NDP proposal would take aim at businesses like Amazon and Walmart (Poll)
During the economic crisis caused by this pandemic, we have learned there have been big winners, and then there have been the small businesses just struggling to survive.
“Those are the places that people think about when they think about their community. They don’t think about the big box stores. They think about the local community restaurant or coffee shop, salon,” said Federal NDP Leader Jagmeet Singh. “Those are the businesses that have been hard hit.”
Those business owners are also the ones that have been most critical of lockdowns in Ontario. In some cases, business owners on the brink have even opened in defiance of public health restrictions.
The Canadian Federation of Independent Business has called on the Ontario government to ramp up its vaccination rollout and implement rapid testing. However, Singh has another proposal; implement a pandemic profiteering tax.
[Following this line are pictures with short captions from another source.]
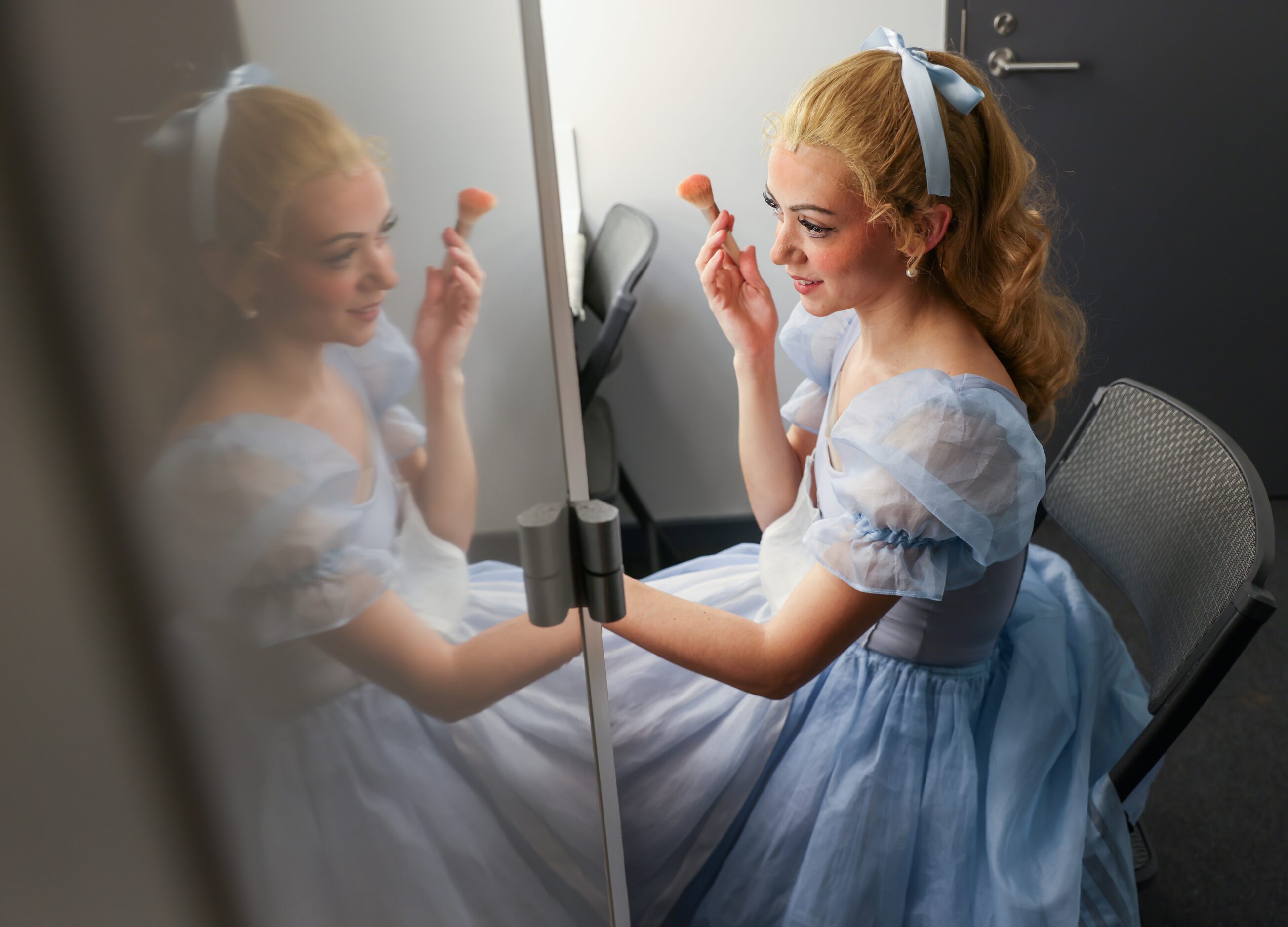 Alexandra F. Light brushes blush on her cheeks in front of the mirror of her dressing room...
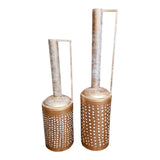 Home Sajawat set of two antique gold metal lanterns with white distressed necks and perforated cylindrical bases. Features handles.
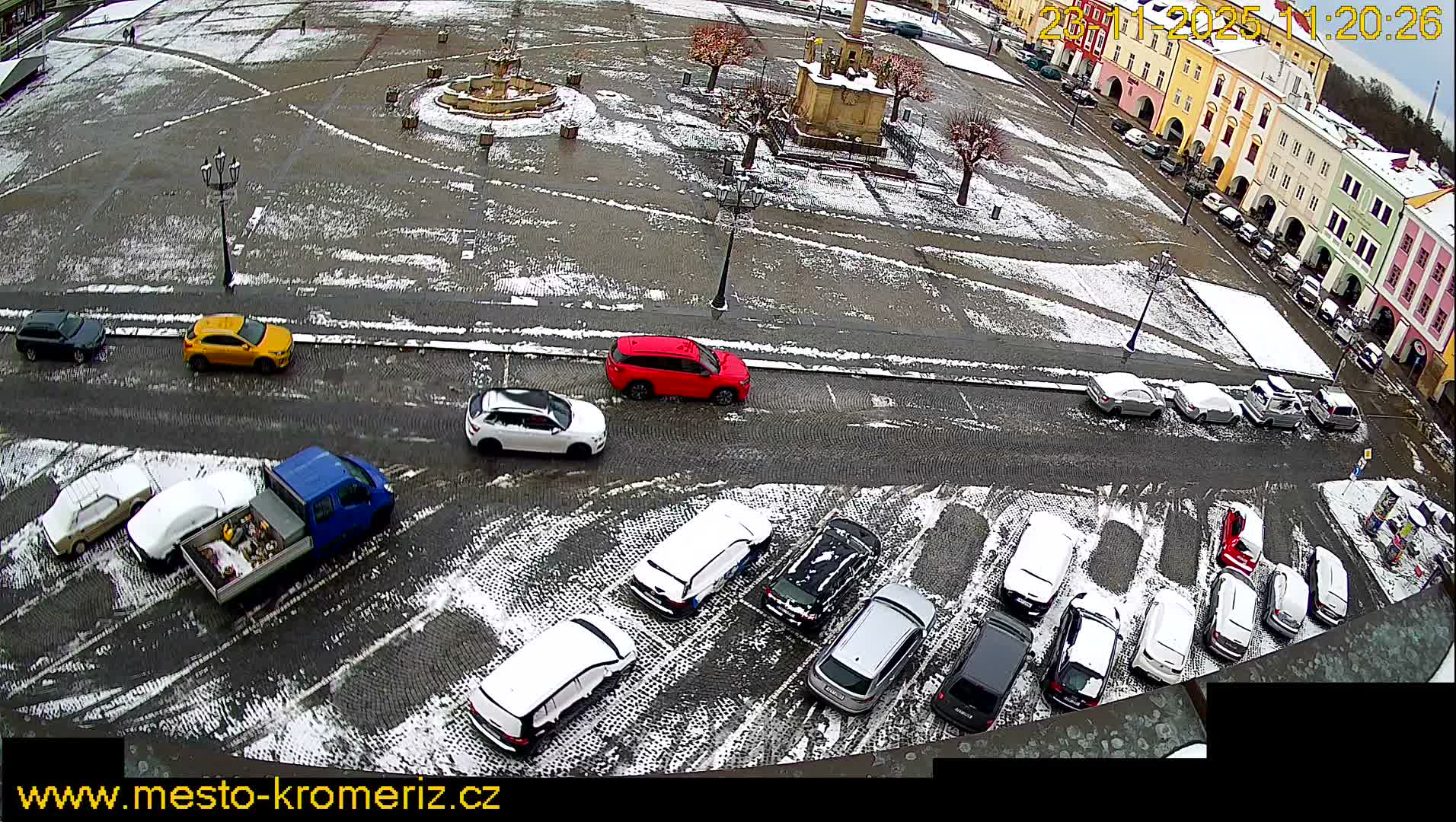 An aerial view reveals a snowy cobblestone town square with vehicles parked and driving, colorful buildings, and a central fountain under a bright winter sky.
“They should be contributing more, just like we did after the world wars, when certain companies were profiteering in the world wars, in Canada we put in place a profiteering tax,” he suggested. “The Parliamentary Budget Office looked at it. It said it would raise $8-billion.”
Those measures would target big box stores like Walmart, online retailers like Amazon, and streaming services like Netflix, which recorded record profits during the pandemic. The money raised could be reinvested in small businesses to help them hire new staff and rehire laid-off workers.
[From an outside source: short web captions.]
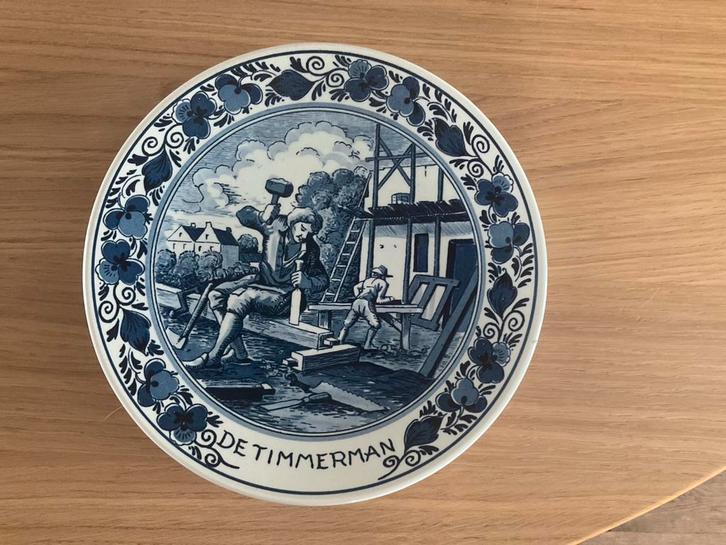 Delfts Blauw Sierbord "De Timmerman", Antiek en Kunst, Antiek | Wandborden en Tegels, Ophalen of Verzenden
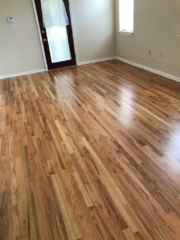 Pictured are red oak floors with a natural finish. The contrasting colors in the wood grain are eye catching with shades of red tones, browns, and creamy white.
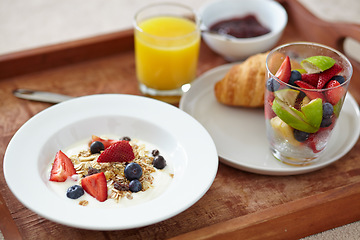 Image showing Food, wellness and closeup of breakfast tray with muesli for balance, benefits or gut health. Fruit, zoom and croissant with vitamins for diet, nutrition or healthy eating, brunch or superfoods salad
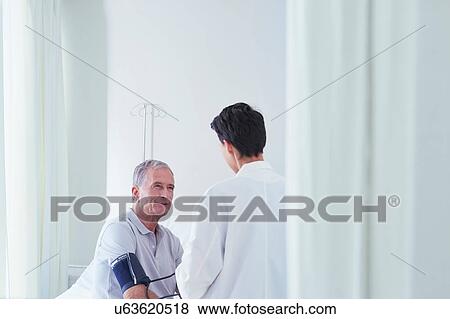 Stock Photo - Senior male patient having blood pressure blood pressure gauge taken by female doctor. Fotosearch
Singh said other measures would help too, like waiving the Canada Pension Plan and Employment Insurance contributions at the federal level on new staff and rehires and capping credit card merchant fees.
“If we could cap that at one per cent, it would be a really big difference in small businesses’ bottom line,” he explained. “This is a transaction fee that’s charged on every transaction they make.”
Singh floated the plan to small business owners in Windsor on Tuesday during a zoom meeting that included Windsor West MP Brian Masse and Essex NDP candidate Tracey Ramsey.